Print the data below exactly as it stands, and keep the pictures out.

Given data:

******

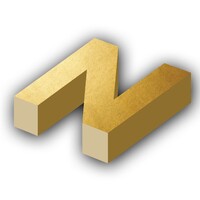 Novvia Group Canada logo - Similar company to S&S Conversions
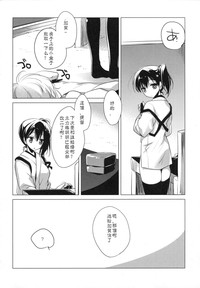 第112页图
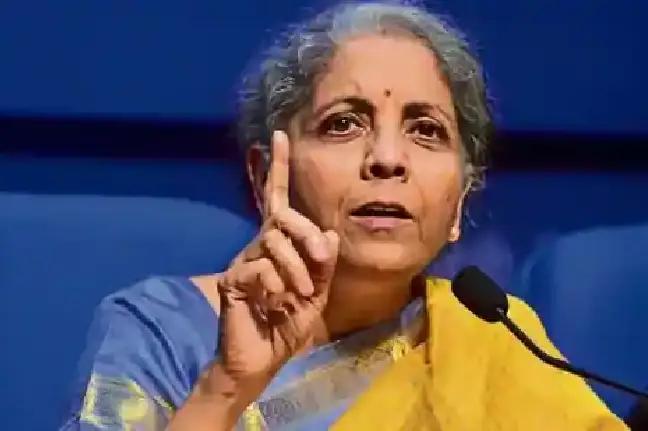 Budget 2024: Will Finance Minister Nirmala Sitharaman Raise the Income Tax Exemption Limit?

******

Solution to this exercise:
 Novvia Group Canada logo - Similar company to S&S Conversions
 第112页图
 Budget 2024: Will Finance Minister Nirmala Sitharaman Raise the Income Tax Exemption Limit?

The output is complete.